When you want to run many almost identical jobs simultaneously, perhaps running the same program many times but changing the input data or some argument or parameter. One possible solution is to write a script to create all the qsub files and then write a BASH script to execute them. This is very time consuming and might end up submitting many more jobs to the queue than you actually need to.

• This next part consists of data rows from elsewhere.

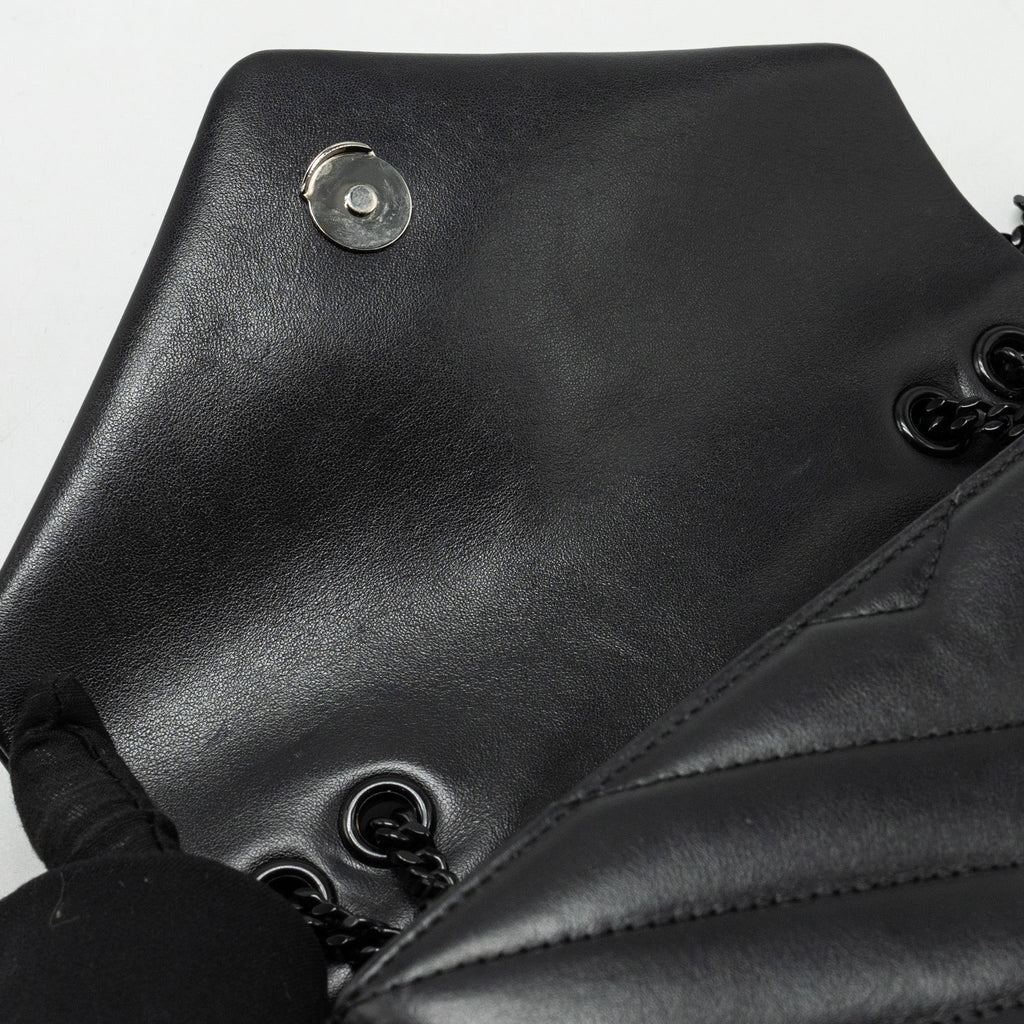 saint-laurent-ysl-small-loulou-bag-calfskin-so-black-1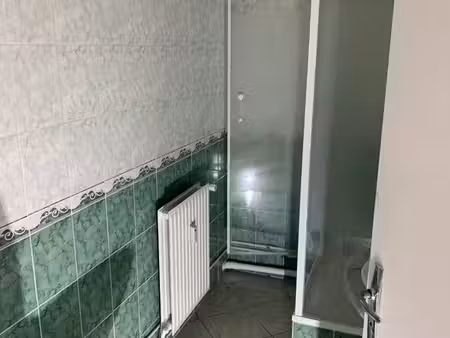 t1 studio loos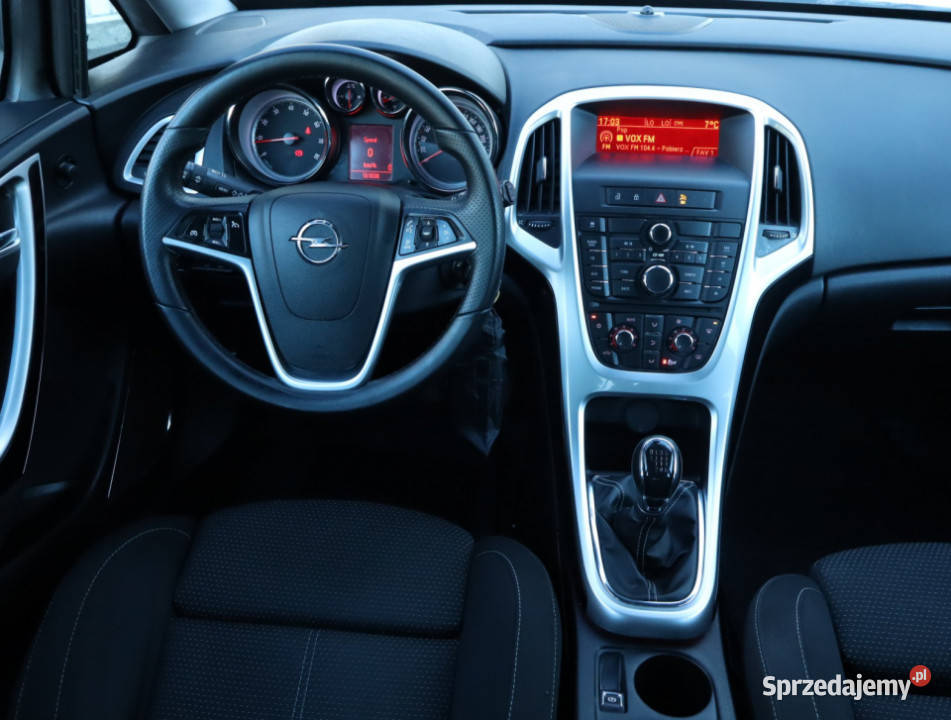 Opel Astra 14 T Hatchback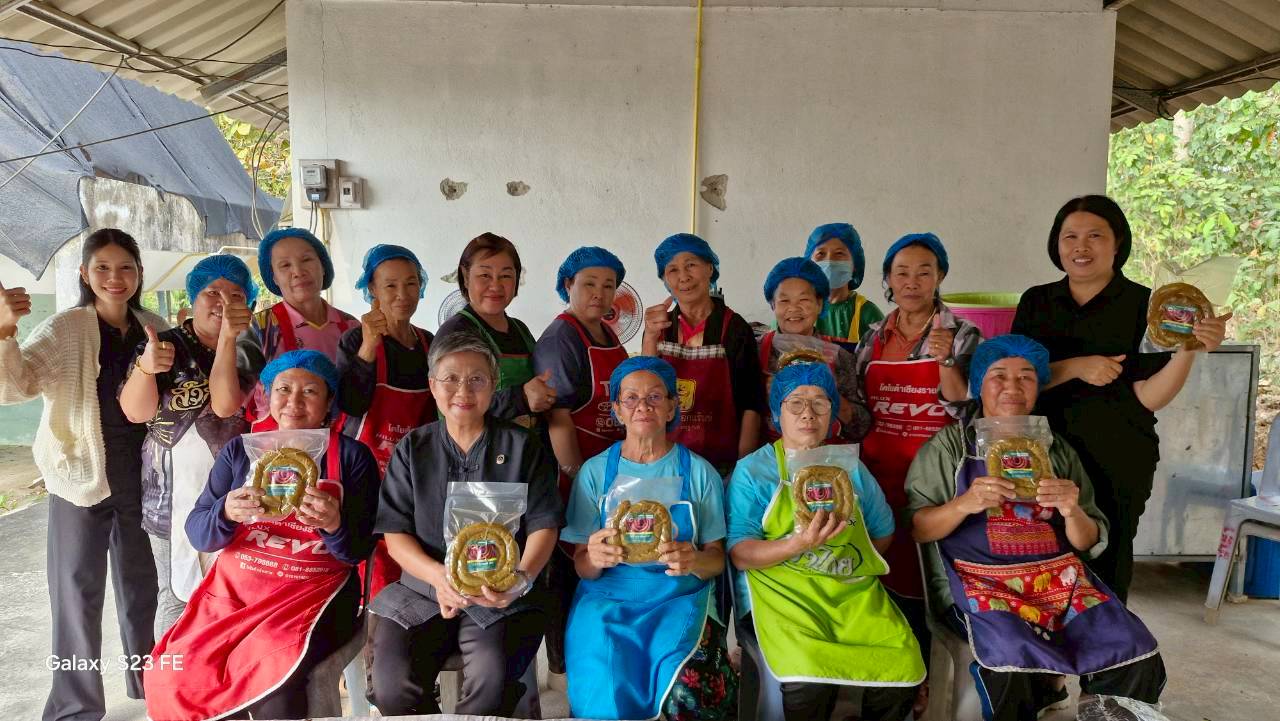 พช.เวียงเชียงรุ้ง ลงพื้นที่ติดตามและสนับสนุนผู้ผลิต ผู้ประกอบการ OTOP วิสาหกิจชุมชนแปรรูปอาหารอ่างห้วยดินดำ ไส้อั่วไก่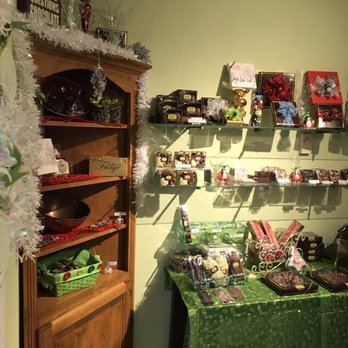Mukilteo Chocolate Company - Cozy and clean this place is a mandatory stop and eat - Desserts Near Me - Mukilteo, Washington Mukilteo Chocolate Company - Cozy and clean this place is a mandatory stop and eat - Desserts Near Me - Mukilteo, Washington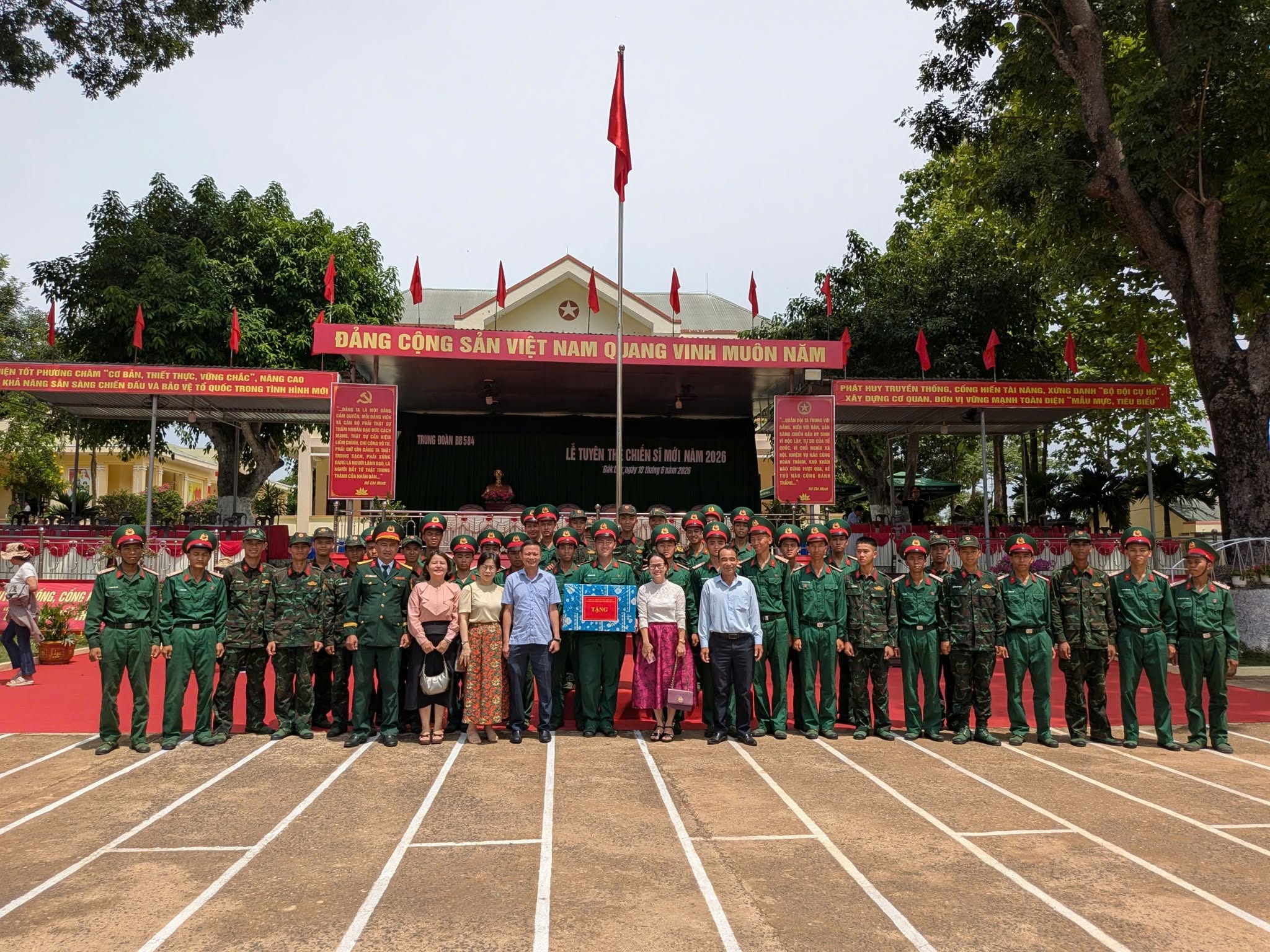 LÃNH ĐẠO PHƯỜNG TÂN AN THĂM, ĐỘNG VIÊN CHIẾN SĨ MỚI VÀ THAM DỰ LỄ TUYÊN THỆ CHIẾN SĨ MỚI NĂM 2026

This is a typical problem suited to an SGE task array.
Advantages of Array Jobs:
You only need to submit one job to run a series of very similar tasks;
These tasks are independent and do not all need to run at once so the job scheduler can efficiently run one or more queued tasks as the requested computational resources become available;
They are particularly useful for Embarrassingly Parallel problems such as:
Monte Carlo simulations (where
$SGE_TASK_ID
might correspond to random number seed);Parameter sensitivity analysis;
Batch file processing (where
$SGE_TASK_ID
might refer to a file in a list of files to be processed).
Example :
make job submit script called my_array_job.sh as following, in this example, myprog will run 72 times through your subjects list after you submit with
$qsub -v subjects=subjects.txt my_array_job.sh
code | ||||
---|---|---|---|---|
| ||||
#$ -S /bin/bash
#$ -N my_array_job # give a meaningful name for the run, like ADRC QC, etc.
#$ -V
#$ -pe mpi 4 # number of slots to run job on each node
#$ -t 1-72 # environment variable $SGE_TASK_ID which will range from 1 to 72
#$ -cwd
#$ -o $HOME/sgestdout # directory where standard output are saved
#$ -e $HOME/sgestderr # directory where standard errors are saved
#$ -q global.q
# variables
DIR=/Project/To/Data/
subject=$(sed -n -e '{SGE_TASK_ID}p' $DIR/$subjects)
./myprog ${subject} |